"The image of her in a cemetery in Sarajevo, on the last day of our three-day trip still haunts me," said Jerry White, who had escorted Diana on what would be her last humanitarian visit before her death.
If there was one thing that set Princess Diana apart from the rest of the British royal family, it was her willingness to show that she cared for the common people without worrying about crossing the line. Every time she was out in the public, Diana had a way of relating to the people around her. The commoners never felt like they were in the presence of royalty around her. She laughed with them, often willingly extended her arms for a warm hug, and never shied away from expressing how she truly felt.
Diana was a People's Princess through and through. As a member of the British royal family, she traveled quite often as part of her royal duties. Being a humanitarian at heart, she also made it a point to travel to developing countries and parts of the world that needed more help than the rest. During one such trip to Bosnia, an unplanned visit to the war cemetery in the country resulted in an incident that shows just how empathetic she truly was.
While visiting the country to raise awareness on the landmines in Bosnia, Diana decided to take a detour to the Sarajevo War Cemetery, recalled Jerry White, in the documentary, Diana, Our Mother. White, who is an activist, was escorting her on what would be her last humanitarian mission ever, EW reports. The incident from August 8, 1997, occurred just a few weeks before the fatal car crash that resulted in Diana's untimely death.

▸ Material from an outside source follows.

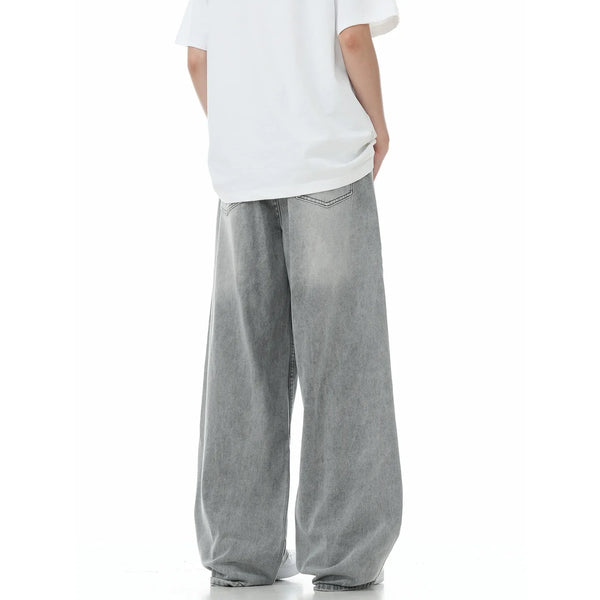 Insulated High-Rise Bell Leg Denim alternatif görünüm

"The image of her in a cemetery in Sarajevo, on the last day of our three-day trip [still haunts me]. It wasn’t planned. It was never on the itinerary. But Diana told me three times, 'I can’t get this picture of me in a cemetery out of my mind,'" said White.
The princess asked him if there was a cemetery nearby that she could visit. They had already been running late for the last royal engagement that was on her itinerary, and though there was no time for a detour, White agreed after he heard her say, “Jerry, I have this feeling, this image of me in a cemetery, it’s strange."

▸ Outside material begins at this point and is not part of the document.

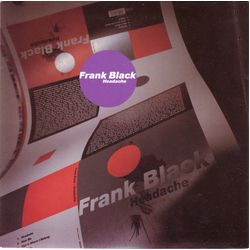 Frank Black Headache Vinyl 7" USED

And, so, White drove her to a nearby Olympic stadium that had been converted into a makeshift graveyard for the soldiers who had lost their lives in the Bosnian Civil War. He said, "I watched as Diana took her place among hundreds of tombstones. It was eerie, now that I reflect on it. She walked slowly, among tombstones and even yellow rosebushes."

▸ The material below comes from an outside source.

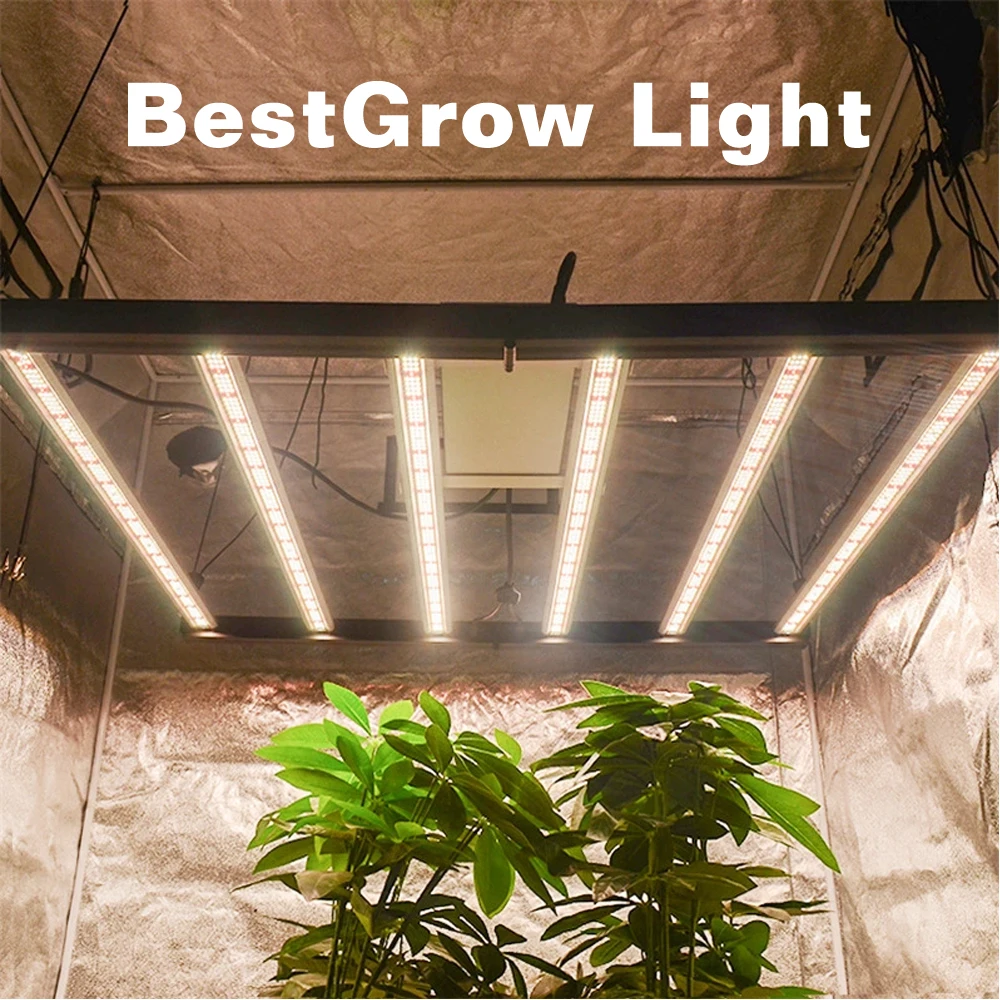 

ETL Certification 1000W Dimming Quantum tech board Samsung LM301B LED grow light for Indoor Veg flower Foldable phytolamp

It was quite a bizarre experience for White to drive a princess to a graveyard for martyrs and watch her walk through it in silence. But Diana had a sentimental side that very few understood. As she made her way in between the graves, the princess came upon a woman crying next to a tombstone. The grieving woman had lost her son.
"She met a Bosnian mother tending to the grave of her son, grieving visibly. Diana didn’t speak Bosnian, and this mother didn’t know English," said White, who was witnessing the unexpected meeting unfold.
They may not have spoken the same tongue, but as two women, they were both familiar with maternal love, and the grief that comes with its loss. Diana didn't need to speak the woman's language to understand her pain, and, so, she comforted her. "They just embraced. So intimately, so physical, so emotional, mother-to-mother. It was vintage Diana, reaching out, wiping the mother’s tears and cheeks," White continued.
This was the real Diana. There's a lot that was written about her in the newspapers in the 90s, and she still continues to capture the attention of many even three decades after her death. But nothing comes close to really capturing just how captivated the public was with the People's Princess.
Before Diana came into the picture, the royal family had always seemed inaccessible and regal. While they may still be considered regal and follow protocols that seem all too strange for the time we live in, it was only with Diana's candid honesty that revealed that they were just as human and flawed as the commoners.
Looking back on the experience in Bosnia with Princess Diana, White said, "After her death in Paris only weeks later, I came to wonder whether the Princess intuited her own death, her burial. I don’t know, but maybe, psychically, intuitively, Diana sensed she was going to die. It still gives me chills when I recall this powerful, unscripted, unplanned moment, somehow prescient."
"It’s the only framed photograph of Diana I still have in my home."